Mnemonics & named points

  • Depth ladder: "Folliculitis is the seed, Furuncle the plant, Carbuncle the bush" — single ostium → single follicle nodule → cluster of follicles.
  • Erysipelas = "Edges Raised" (sharp), strEptococcus, Eruptive high fever.
  • Nikolsky-positive trio: "SPT"SSSS, Pemphigus, TEN.
  • Desmoglein-1 is the shared villain of bullous impetigo, SSSS, and pemphigus foliaceus.
  • "Pus = drain it" for furuncle/carbuncle/abscess; antibiotic alone is not enough.
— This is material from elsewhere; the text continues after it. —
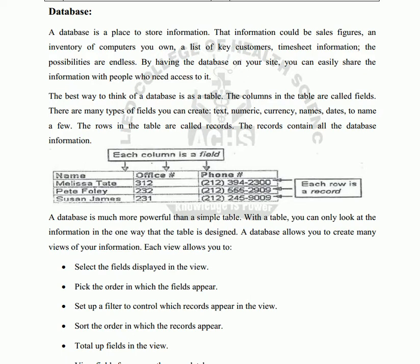A database simply stores information. The information could be sales figures and inventory of computers you own, a list of customers, timesheets — the possibilities are endless. With databases, we can save information: sales figures, inventory, we can maintain inventory, keep customer lists, and save timesheet information.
Recently asked / exam angle

  • Photograph/description of a sharply marginated, raised, fiery-red plaque on the cheek or shin with sudden fever → identify erysipelas, organism Strep. pyogenes, DOC penicillin.
  • Honey-coloured crust on a child's face → non-bullous impetigo; topical mupirocin; the complication that antibiotics will not prevent → PSGN.
  • A neonate with diffuse erythema, flaccid blisters, positive Nikolsky, sparing mucosa, culture-negative skin → SSSS; toxin cleaves desmoglein-1 at the granular layer; treat with IV cloxacillin.
  • "Pain out of proportion to skin findings + crepitus + rapidly dusky skin" → necrotising fasciitis, not simple cellulitis → emergency surgical debridement.
  • Recurrent boils with PVL-positive culture → CA-MRSA; manage with I&D + clindamycin/co-trimoxazole and decolonisation (nasal mupirocin + chlorhexidine).
  • Differentiate SSSS from TEN on split level (subcorneal vs subepidermal), mucosa, age, and drug history.
  • Distinguish the investigation of choice (pus Gram stain & culture) versus when blood cultures are warranted.

Rapid revision

  1. Erysipelas = upper dermis/lymphatics, sharply raised border, GABHS, DOC penicillin.
  2. Cellulitis = deep dermis/fat, ill-defined flat margin, S. aureus/strep; cover MRSA if purulent (doxycycline/clindamycin/co-trimoxazole).
  3. Honey-coloured crust = non-bullous impetigo; topical mupirocin for limited disease.
  4. Bullous impetigo & SSSS = S. aureus exfoliative toxin cleaving desmoglein-1 (subcorneal split).
  5. SSSS spares mucosa, occurs in neonates, Nikolsky positive, skin culture negative (culture the focus).
  6. Nikolsky positive in SSSS, Pemphigus, TEN.
  7. Furuncle = single follicle; carbuncle = multiple follicles (nape of neck, diabetics); I&D is primary.
  8. Danger-triangle facial furuncle → cavernous sinus thrombosis — never squeeze.
  9. Ecthyma = ulcerative, scarring impetigo (dermal); ecthyma gangrenosum = Pseudomonas sepsis.
  10. Streptococcal impetigo → PSGN (antibiotics don't prevent it); never rheumatic fever from skin.
  11. Anti-DNase B beats ASO as marker after streptococcal skin infection.
  12. Hot-tub folliculitis = Pseudomonas; erysipeloid (fish handlers) = Erysipelothrix, DOC penicillin.